Youngstown Area Roller Derby
- Metro area: Youngstown, OH
- Country: United States
- Founded: 2008
- Teams: Youngstown Area Roller Derby Rustbelt Rollers (inactive) Lawless Rollers (inactive)
- Track type: Flat
- Affiliations: WFTDA
- Website: https://youngstownarearollerderby.com/

= Youngstown Area Roller Derby =

Roller derby league

Youngstown Area Roller Derby (YARD) (formerly known as the Little Steel Derby Girls) is a women's flat-track roller derby league based in Youngstown, Ohio. Founded in 2008, the league consisted of two teams which competed against teams from other leagues. As of 2025, YARD operates with one team roster. YARD is a member of the Women's Flat Track Derby Association (WFTDA) in the NA Northeast Division.

==History==
The league was founded in December 2008 by Tifany Griffith, known as "Ground Zero". Little Steel won its first bout against a Steel City Derby Demons team, but progress was initially slow and it was only in October 2010 that it was ready to play its first home bout. By early 2011, the league had 24 skaters, and was aiming to join the Women's Flat Track Derby Association (WFTDA).

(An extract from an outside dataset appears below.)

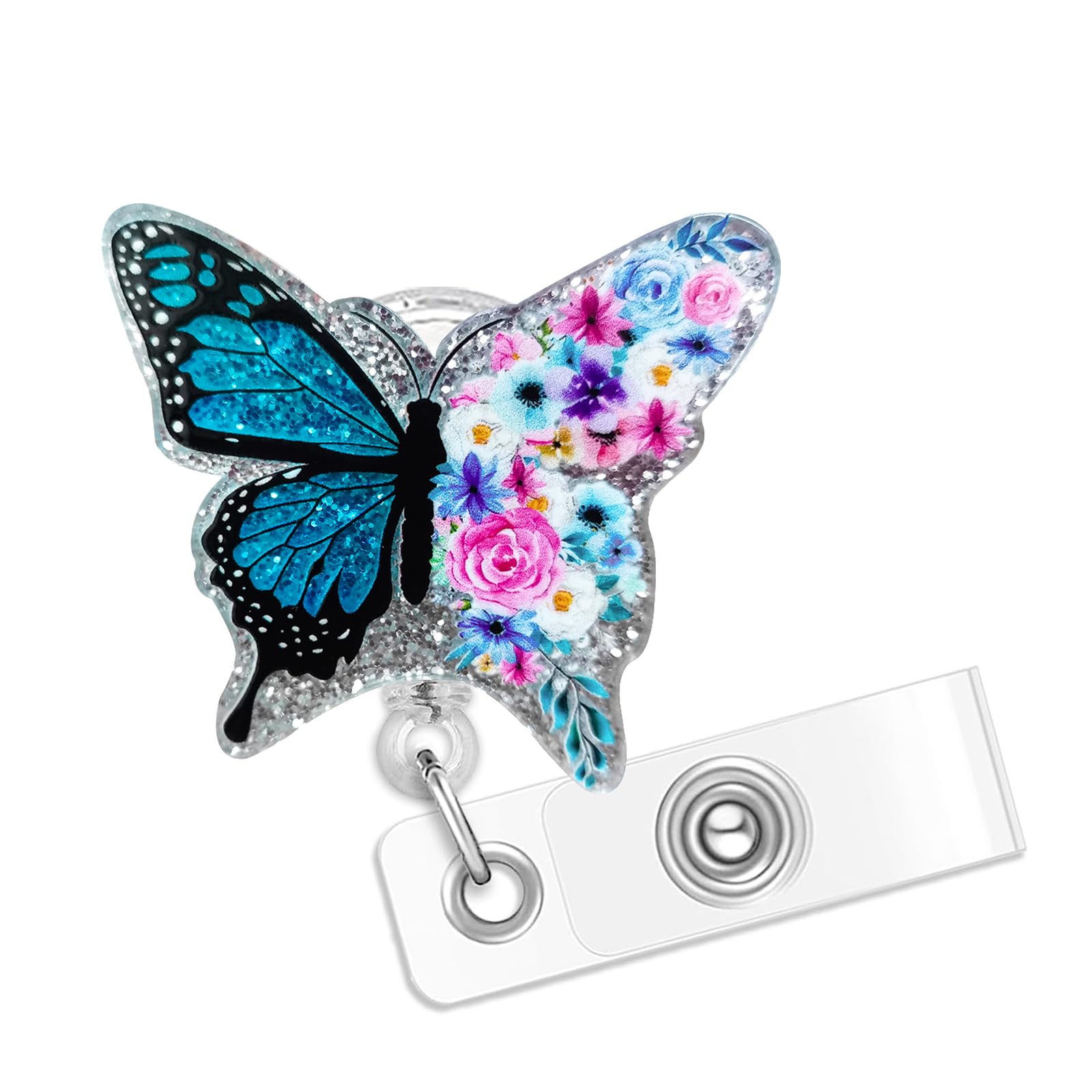 Blue Butterflies and Flowers Badge Reel, Funny Badge Reels Retractable, Name Badge Holder Reel ID Clip, Cute Animal Pediatric Decorative for Nurse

Little Steel was accepted into the WFTDA Apprentice Program in October 2011, and became a full member of the WFTDA in June 2012.

Little Steel rebranded in 2023 to become Youngstown Area Roller Derby to have a more inclusive name to bring in more skaters and to extend into co-ed competition in the future.

==WFTDA rankings==

| Season | Final ranking | Playoffs | Championship |
|---|---|---|---|
| 2013 | 148 WFTDA | DNQ | DNQ |
| 2014 | 187 WFTDA | DNQ | DNQ |
| 2015 | 235 WFTDA | DNQ | DNQ |
| 2016 | 315 WFTDA | DNQ | DNQ |
| 2017 | 227 WFTDA | DNQ | DNQ |
| 2018 | 189 WFTDA | DNQ | DNQ |
| 2019 | 235 WFTDA | DNQ | DNQ |
| 2024 | 122 NA Northeast | DNQ | DNQ |

==In the media==
Youngstown Area Roller Derby was featured in the Business Journal in 2025, interviewed and captured on video at practice.

Youngstown State University's student-run newspaper, The Jambar, featured YARD in 2022 when the team was still known as the Little Steel Derby Girls. The article talks with skaters Thunder Bottom (Brittany Carter) and Road Rage (Angie Helmick Hampson) about the game and their personal experiences with the sport.

In 2017, the Tribune Chronicle interviewed skaters about the league's structure, their personal experiences with the sport, and the team's community outreach of collecting donations for local charities.